June 30, 2025

Market Commentary

Weekly Market Commentary 
By: Greg Lai and Alex Hsaio, Co-Chief Investment Officers

Week of June 30-July 4, 2025


As June wrapped up, U.S. stocks continued to show resilience, choosing to focus on what’s going right. Despite global tensions, the week ending June 27, 2025, delivered some important market moves worth watching.


📈 Market Highlights & Key Catalysts

S&P 500 Keeps Climbing:
The S&P 500 hit new record highs last week, adding 3.45% despite worries about the Israel/Iran conflict. Both the S&P 500 and Nasdaq are solidly positive for the year, up +5.65% and +4.3% respectively. Investors seem focused on strong U.S. fundamentals over global uncertainty.


🛢️ Oil Prices Stay Steady

Crude Holds Its Ground:
Despite ongoing geopolitical tensions, oil prices stayed stable around $65 per barrel. The big reason? The U.S. is now the top global producer, supplying over 22% of the world’s oil. That leadership is helping keep prices calm, even with issues in the Middle East and Ukraine/Russia.


💻 Tech Leaders Shine (but Not All)

Mixed Results for Big Tech:
Technology and Communication Services stocks have been strong performers overall. But not every giant is winning. Apple is down nearly 20% this year, lagging peers like Nvidia (+17.5%), Microsoft (+18%), and Meta (+25.5%). Challenges like slow China sales and an unclear AI strategy are weighing on Apple’s results. Meanwhile, small-cap stocks have underperformed large-caps by about 7.5% year-to-date, reinforcing that bigger players are leading in this environment.
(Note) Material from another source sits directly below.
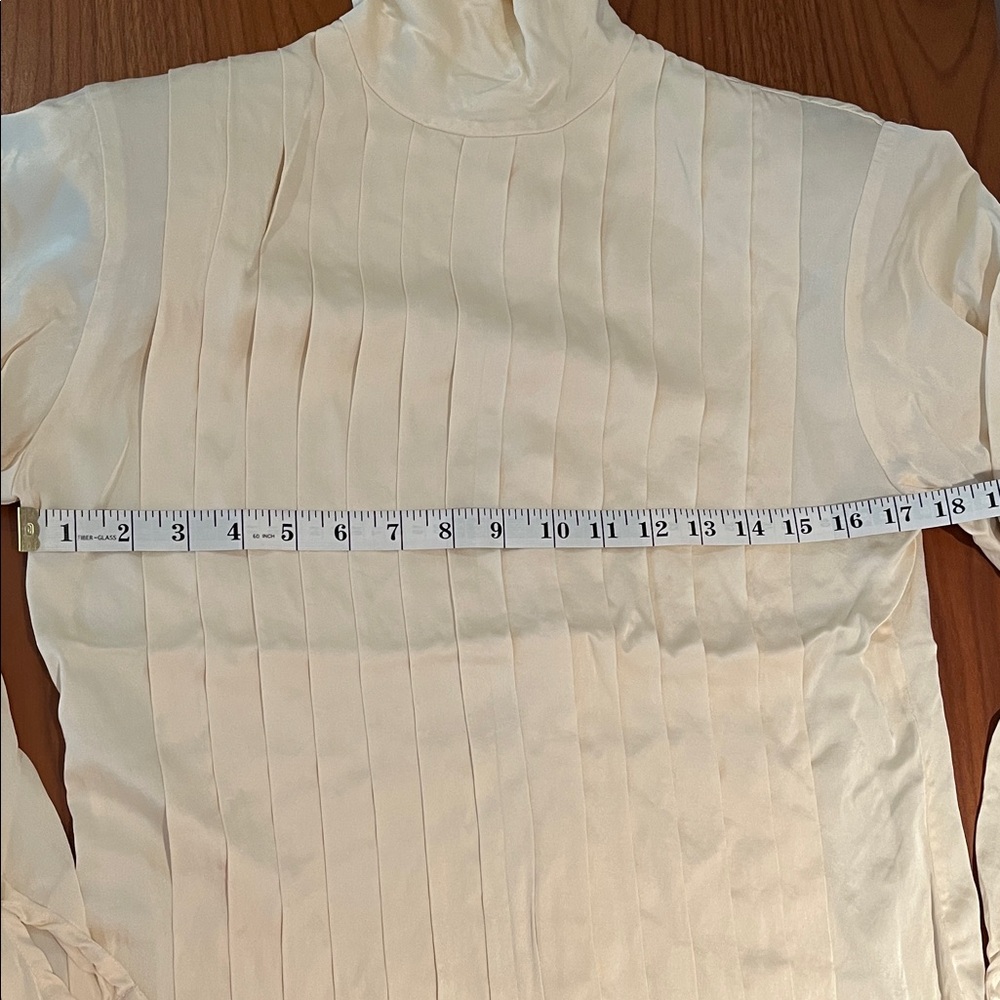 Dana Buchman Vintage 100% Silk Cream Blouse, Size 6 - Picture 10 of 14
💰 Fed Rate Cuts Back in Play

Easier Policy Hopes Grow:
Markets are increasingly expecting the Federal Reserve to cut rates. Dovish comments from Fed officials and the latest FOMC meeting notes have investors betting on looser policy ahead.


📉 Treasury Yields Ease

Bond Market Reacts:
Treasury yields fell last week as markets priced in the chance of Fed rate cuts. The 10-year yield dropped about 11 basis points to 4.26%, while the 30-year fell around 8 basis points to 4.81%. This “steepening” of the curve suggests expectations for easier monetary policy going forward.


🧭 Economic Data: Calm Surface, Underlying Worries

Key Economic Highlights:
While things look relatively stable on the surface, last week’s data offered some cautionary notes:

  • GDP (Q2, 3rd estimate): Revised lower to -0.5%

  • Core PCE Prices: +0.2% MoM (a bit hot)

  • Personal Income: -0.4% (below forecast)

  • Personal Spending: -0.1% (also softer)

  • Consumer Confidence: Fell to 93.0 from 99.5

  • Durable Orders: Jumped 16.4%, hitting a record $343.59B, boosted by transportation orders and tariff-related buying.

Last week showed the market’s talent for finding silver linings. While big names and certain sectors continue to deliver, others—especially those lacking a clear strategy (looking at you, Apple)—highlight the need for solid fundamentals and forward-looking planning. As July 4th week approaches, investors will be watching closely for the Fed’s next moves on July 29.